The Skoda Octavia, Chevrolet Cruze and Renault Fluence have all been in two digit figures in the past two months, while the Hyundai Elantra, despite the company’s great dealer reach manages an average of about 200 units a month.
Contrast the performance of the cars in this price segment with that of SUVs in the same price bracket and you’ll see it’s not really about the money. People are spending money – but they seem to be spending it on SUVs instead. Why, look at the Rs. 25 lakh price segment as well and you would find Toyota grinning all the way to the bank with the Fortuner selling an average of over 1,300 units a month.
The Mahindra XUV500, Renault Duster, Mahindra Scorpio all sell in the thousands. The Mahindra XUV500 in particular is bang in the middle of the price band of D-segment sedans and it sells more SUVs in a single month than all the D-segment sedans put together, averaging over 2,300 units in the past six months.

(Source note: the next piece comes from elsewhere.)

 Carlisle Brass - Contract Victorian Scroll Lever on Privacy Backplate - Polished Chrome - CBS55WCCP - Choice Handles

That brings us back to the question – are the D-segment sedans really losing their relevance here? Well, it seems so for four reasons.
One – buyers who are not really particular about a body type see more value in a crossover or SUV like the XUV500, Mahindra Scorpio, Tata Safari Storme or Renault Duster and Nissan Terrano. These vehicles offer pretty decent ride comfort (of course, definitely not close to what these sedans can offer), but more importantly offer better versatility. Some of these are seven seaters. Others have more ground clearance and are more rugged – and given the daily grind many face in the urban commute, they have better road presence.

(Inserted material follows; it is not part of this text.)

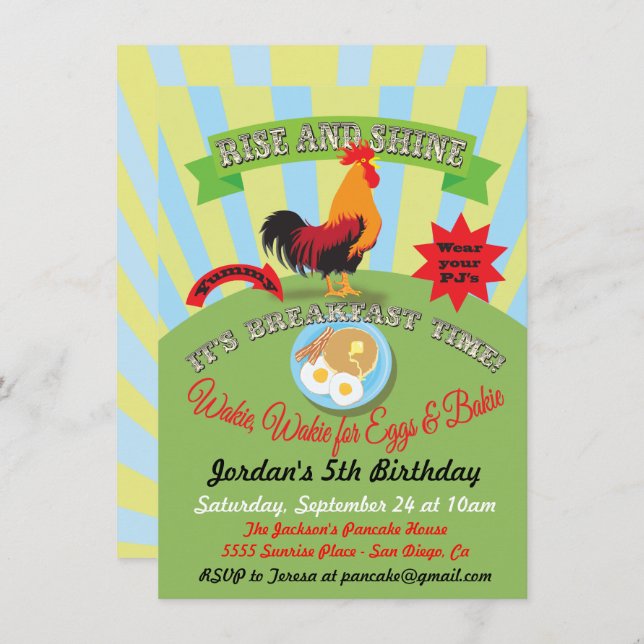 Rise and Shine Breakfast Birthday Party Invitation (Front/Back)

Two – price conscious buyers see far more value in cars a segment lower. The reason being that carmakers have really loaded up the goodies in the C-segment sedans such as the Honda City, Hyundai Verna, Volkswagen Vento and Maruti Ciaz. These cars offer almost all the features that D-segment sedans offer (in some cases more features than some of the D-segment sedans). Sun roofs, reverse cameras, automatic climate control, six-speed or seven speed automatic transmissions, name the feature and you’ll get them on C-segment sedans. So why splurge for a D-segment car?
Three – C-segment sedans have now begun to offer similar space as well (and again in some cases more space). Look at the Honda City and Maruti Ciaz for example, these cars priced between Rs. 8 lakh and Rs. 12 lakh offer far more space than say a Chevrolet Cruze or Toyota Altis, especially for the chauffeur driven. So why pay extra?
Honda, in fact, withdrew the Civic and has tried to straddle the price gap with the new Honda City – offering space, features and great drivability at a price band that straddles both segments. Toyota on the other hand does not really have a car in the middle of the C-segment. It has the Altis in the D-segment that’s holding on as the leader at under a 1,000 units a month, while the next car it has is the Etios at the upper end of the entry-level sedan segment. Since the D-segment has not shown any growth ever since SUVs came in and robbed the segment of its numbers, carmakers too are focussing mainly on the C-segment and luxury segment.
And finally, four – the lower price of luxury brands. The Mercedes A-Class, B-Class, BMW 1-Series, Audi A3 and upcoming A3 hatchback are all within striking distance of the D-segment sedans price wise, with price tags starting a shade over 20 lakhs for the entry-level models. That puts many buyers in a dilemma – top-end D-segment sedan or a luxury marque?